Najjar and his brother, Peter, opened the market in June 1985. About 10 years ago they were so successful that they were able to buy the building that houses the entire Cardiff Town Center.
By staying in business, even thriving, they’ve beaten the odds by doing what previous tenants such as Vons and Farmers Choice were unable to do.
Their formula is simple. They are invested in the community by living in Cardiff and being responsive to their clientele.
When they acquired the Cardiff Town Center they launched a revitalization program that included donating money to the Cardiff library and the Cardiff Schools Education Fund, or SEA. The first Friday night of every month the store hosts a Family Movie Night on their patio. Profits from food and beverage sales benefit Cardiff SEA.
Najjar also supports fellow business owners through the Cardiff 101 Main Street.
“We have a philosophy that you should support local merchants because they will keep money in the community,” Najjar said. “People are attracted to the coast because businesses are independently owned. They are the lifeblood of the community.”
The Najjar brothers know something about business. They were raised in a family grocery store in Michigan.
Now they’ve had the opportunity to participate in their own community’s growth.
“If you’ve been in business for 25 years, you’ve watched kids go to school and later work here at the store,” he said. “Now they have families of their own and shop here.”
Consumers find a whimsical mix of products, from the mundane to the exotic. For example, the store offers a choice of daisies or Hawaiian protea flowers, Pedigree or Organix brand dog food, Marlboro cigarettes or handmade cigars.
There is berry pie and crème brulee made onsite and gourmet desserts imported from The Cheesecake House in Lake Elsinore.
The meat department boasts quail, apple wood smoked bacon, Cordon Bleau, veal scallopini and a variety of fresh sausage links.
“No one can touch our tri-tip,” Najjar said. “We may seem more expensive because we carry better meat but our prices are comparable to Vons and Albertsons.”
The market offers their own line of condiments such as cherry merlot wine sauce and demi glace.

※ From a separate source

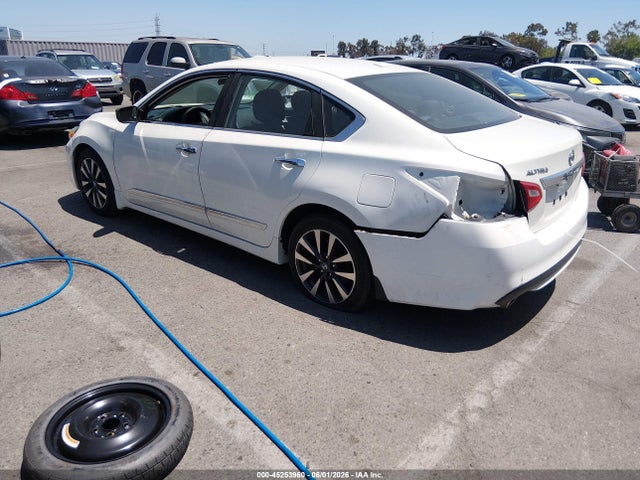 Nissan Altima 2.5 Sv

“If a local person has their own brand of barbecue sauce, we’ll carry it,” he added.
Najjar is planning to “push out the walls” to make room for new product lines and is deliberating on a number of ideas.
“A lot of people who are under 50 travel a lot,” he said. “When they return they have drink and food flavors they want to recreate but can’t find. We want to carry it for them.”
Word-of-mouth has proven to be the most effective advertising.
“Our best PR is from a cashier at another store who is asked, ‘Where can you get this?’” Najjar said. “He’ll respond, ‘Seaside Market.’”
Despite the store’s success, Najjar has no plans for expansion.
“We’re staying in one location,” he explained. “When you live and work in a community, you’re tied to it. Cardiff businesses really support each other. Everybody is friends and neighbors.”